◆ Study material
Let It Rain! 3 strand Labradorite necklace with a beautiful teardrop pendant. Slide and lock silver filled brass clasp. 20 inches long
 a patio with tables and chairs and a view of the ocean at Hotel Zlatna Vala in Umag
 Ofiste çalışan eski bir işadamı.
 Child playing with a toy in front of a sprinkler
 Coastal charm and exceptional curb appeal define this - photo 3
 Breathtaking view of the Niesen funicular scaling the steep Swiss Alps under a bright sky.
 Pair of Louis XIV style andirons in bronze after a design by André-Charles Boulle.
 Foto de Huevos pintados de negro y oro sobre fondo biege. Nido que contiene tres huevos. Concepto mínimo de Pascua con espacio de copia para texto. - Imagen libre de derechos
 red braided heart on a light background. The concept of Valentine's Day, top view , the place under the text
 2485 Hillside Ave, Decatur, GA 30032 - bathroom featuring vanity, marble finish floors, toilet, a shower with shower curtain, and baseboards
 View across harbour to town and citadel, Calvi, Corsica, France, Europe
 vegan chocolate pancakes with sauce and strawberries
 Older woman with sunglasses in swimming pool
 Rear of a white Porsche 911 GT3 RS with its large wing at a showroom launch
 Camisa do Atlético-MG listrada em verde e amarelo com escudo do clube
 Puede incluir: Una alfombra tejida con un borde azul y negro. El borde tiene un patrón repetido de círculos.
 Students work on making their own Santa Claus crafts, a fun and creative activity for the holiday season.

◆ Exercise prompt
Everything in the listing above should be repeated exactly.

◆ Answer for this exercise
Let It Rain! 3 strand Labradorite necklace with a beautiful teardrop pendant. Slide and lock silver filled brass clasp. 20 inches long
 a patio with tables and chairs and a view of the ocean at Hotel Zlatna Vala in Umag
 Ofiste çalışan eski bir işadamı.
 Child playing with a toy in front of a sprinkler
 Coastal charm and exceptional curb appeal define this - photo 3
 Breathtaking view of the Niesen funicular scaling the steep Swiss Alps under a bright sky.
 Pair of Louis XIV style andirons in bronze after a design by André-Charles Boulle.
 Foto de Huevos pintados de negro y oro sobre fondo biege. Nido que contiene tres huevos. Concepto mínimo de Pascua con espacio de copia para texto. - Imagen libre de derechos
 red braided heart on a light background. The concept of Valentine's Day, top view , the place under the text
 2485 Hillside Ave, Decatur, GA 30032 - bathroom featuring vanity, marble finish floors, toilet, a shower with shower curtain, and baseboards
 View across harbour to town and citadel, Calvi, Corsica, France, Europe
 vegan chocolate pancakes with sauce and strawberries
 Older woman with sunglasses in swimming pool
 Rear of a white Porsche 911 GT3 RS with its large wing at a showroom launch
 Camisa do Atlético-MG listrada em verde e amarelo com escudo do clube
 Puede incluir: Una alfombra tejida con un borde azul y negro. El borde tiene un patrón repetido de círculos.
 Students work on making their own Santa Claus crafts, a fun and creative activity for the holiday season.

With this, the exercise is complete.